Der Tote wurde eingehend begutachtet, soweit es die Begebenheiten vor Ort zuließen. Andrews betrachtete das Gesicht. Doch es wollte ihm partout nicht einfallen, wer der Verstorbene sein könnte. Das Antlitz kam ihm bekannt vor. „Schauen sie sich den Mann an“, wandte er sich an den Constable. „Ich habe den schon gesehen. Aber wo?“
Williams trat erneut heran. Er schaute einige Zeit auf die Leiche und schüttelte dann den Kopf. „Sir, ich weiß es nicht“, sagte er dann. „Er kommt mir auch bekannt vor. Aber das Gesicht ist zu verquollen und entstellt, um es genau erkennen zu können.“
„So kommen wir nicht weiter“, erwiderte Andrews kopfschüttelnd.
Nun wandte er sich an die umherstehenden Männer, die die beiden Polizisten bei ihrer Arbeit beobachteten. „Wer hat den Toten gefunden?“, fragte er.

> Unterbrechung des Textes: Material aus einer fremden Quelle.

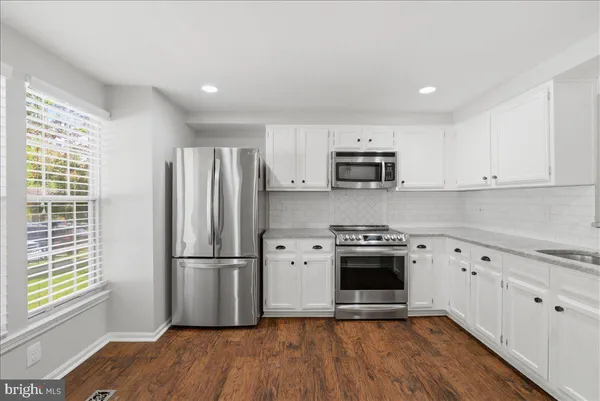 $3,400 | 1490 Autumn Ridge Circle, Reston, VA 20194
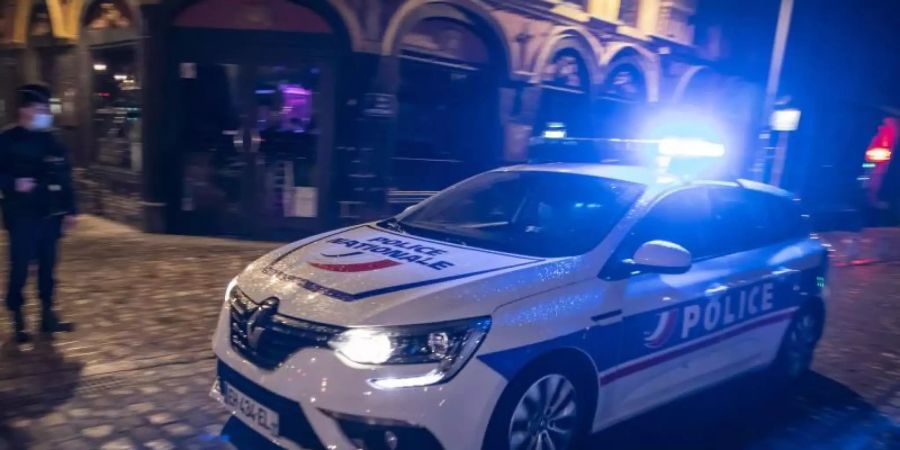 Polizisten patrouillieren in Paris. (Symbolbild). Foto: Sebastien Courdji/XinHua/dpa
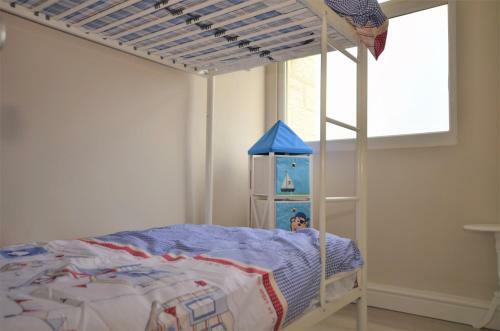 36 Sandown Bay Holiday Centre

„Wir alle“, erwiderte einer der Männer.
„Wie kam es dazu?“
„Wir waren hier spazieren, wie jeden Tag am Nachmittag, ehe wir uns in den Salon begeben, um dort Karten zu spielen und zu rauchen“, sagte ein anderer. „Da entdeckten wir hier ein großes Bündel am Ufer. Dem gingen wir nach und entdeckten die Leiche. Sie war bereits tot. Wir konnten nichts mehr ausrichten.“
Der Inspektor grinste. „Das haben Leichen so an sich, dass sie tot sind“, erwiderte er. „Wie es aussieht, ist der Kerl schon länger tot“, sagte er dann. Er zückte seinen Notizblock und fragte nach den Namen und Wohnadressen der Zeugen. „Falls ihnen noch etwas einfallen sollte, kommen sie bitte in mein Büro in der Baker Street.“ Er reichte einem der Männer noch ein kleines Kärtchen, auf dem sein Name und sein Dienstrang stand. Dann entließ er die Gruppe.
Die Männer jedoch wollten nicht gehen, sondern die Polizisten bei der Arbeit beobachten. „Hier gibt es nicht mehr zu sehen“, fuhr der Inspektor die Neugierigen an. „Gehen sie bitte und lassen sie uns unsere Arbeit tun.“ Er wedelte mit den Händen, als wolle er lästige Fliegen verscheuchen. Erst jetzt verließen die Zeugen den Ort des Geschehens.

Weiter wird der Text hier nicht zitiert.